■ **EXERCISE DIRECTIONS**:
When you reach the line with "Sangle d'arrimage 25" in the records below, begin transcribing exactly and continue up to and including the line with "Image of Funko", leaving out every picture.

■ **EXERCISE INPUT**:
##########
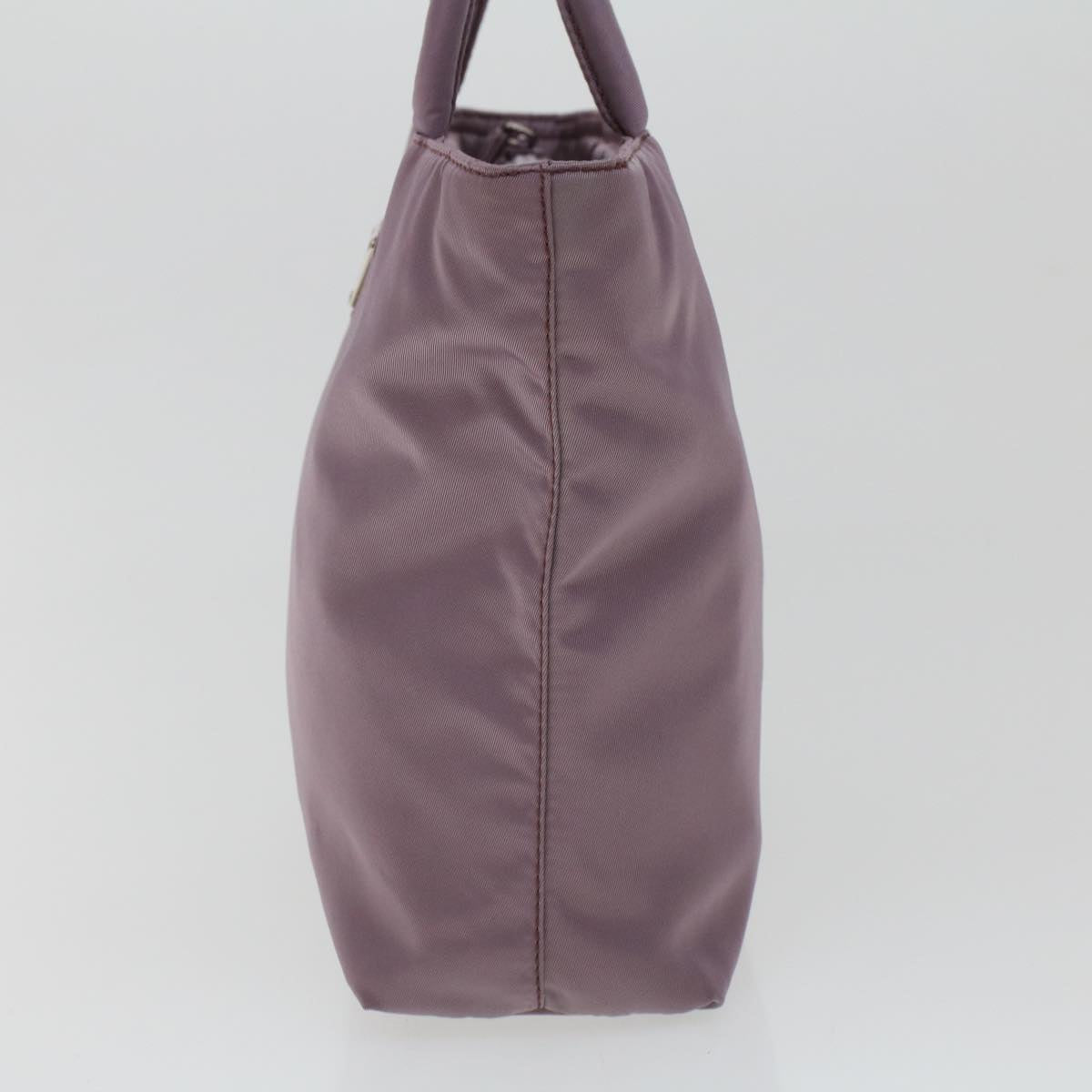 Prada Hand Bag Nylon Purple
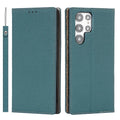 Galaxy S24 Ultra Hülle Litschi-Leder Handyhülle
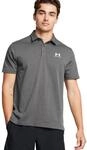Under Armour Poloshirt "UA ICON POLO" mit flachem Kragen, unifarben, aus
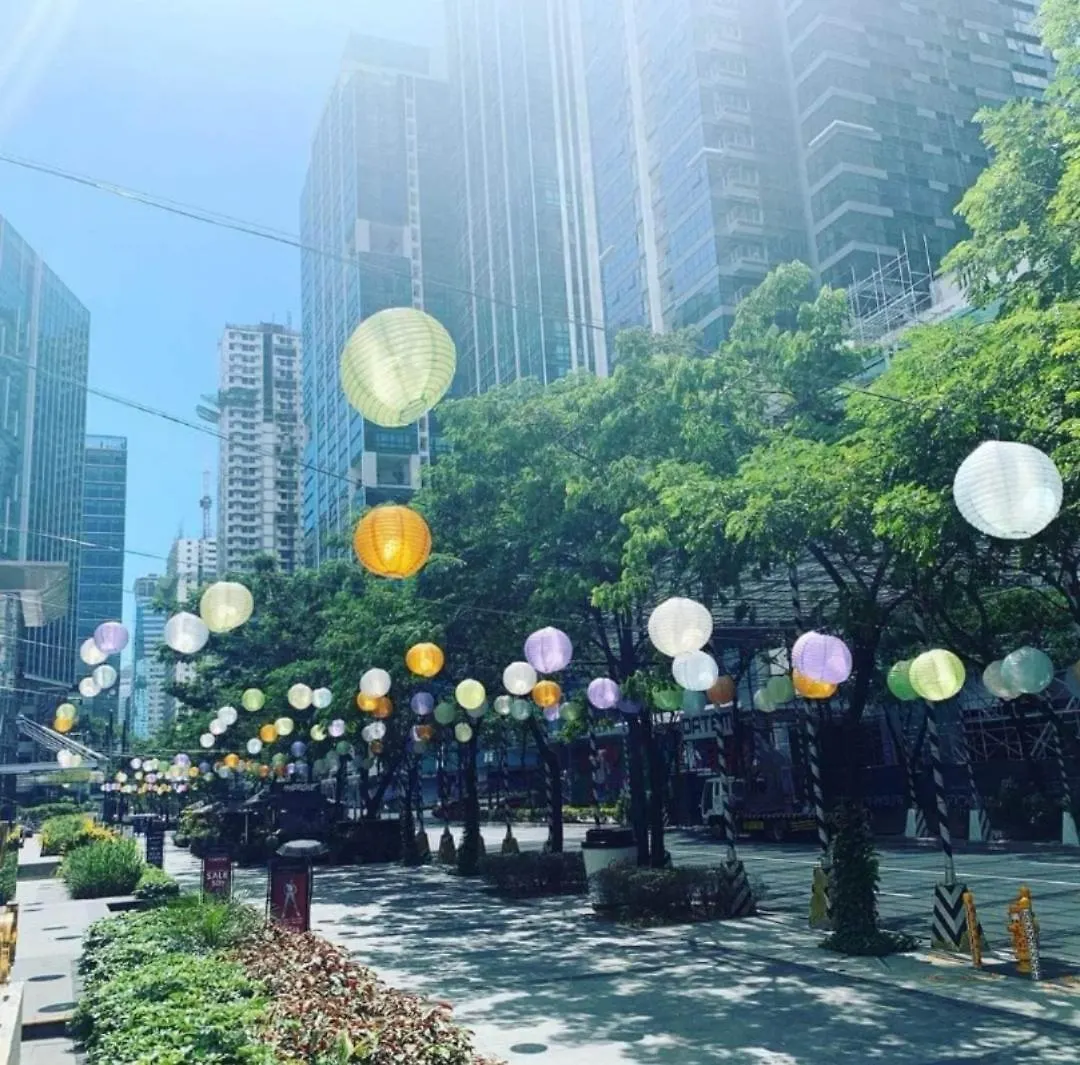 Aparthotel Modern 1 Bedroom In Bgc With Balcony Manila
##########
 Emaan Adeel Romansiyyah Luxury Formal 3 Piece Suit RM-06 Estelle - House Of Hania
##########
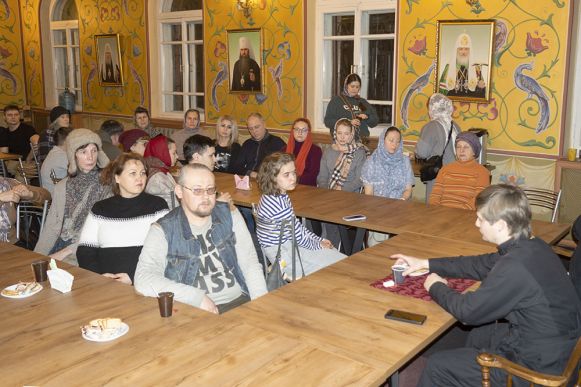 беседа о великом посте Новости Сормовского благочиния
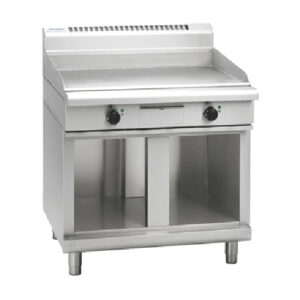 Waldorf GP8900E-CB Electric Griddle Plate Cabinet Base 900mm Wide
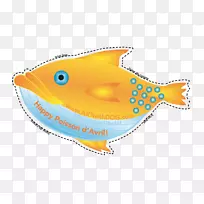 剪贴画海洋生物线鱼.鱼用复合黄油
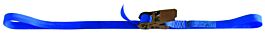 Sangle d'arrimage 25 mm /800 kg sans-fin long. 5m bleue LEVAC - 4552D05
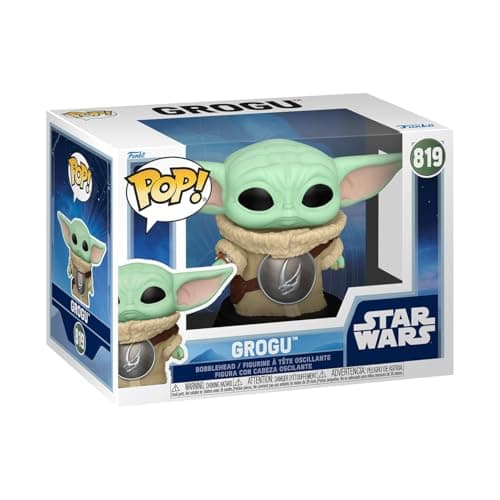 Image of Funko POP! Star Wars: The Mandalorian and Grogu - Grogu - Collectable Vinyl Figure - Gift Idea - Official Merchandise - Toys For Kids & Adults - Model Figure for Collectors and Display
##########
■ **RESPONSE AREA**:
 Sangle d'arrimage 25 mm /800 kg sans-fin long. 5m bleue LEVAC - 4552D05
 Image of Funko POP! Star Wars: The Mandalorian and Grogu - Grogu - Collectable Vinyl Figure - Gift Idea - Official Merchandise - Toys For Kids & Adults - Model Figure for Collectors and Display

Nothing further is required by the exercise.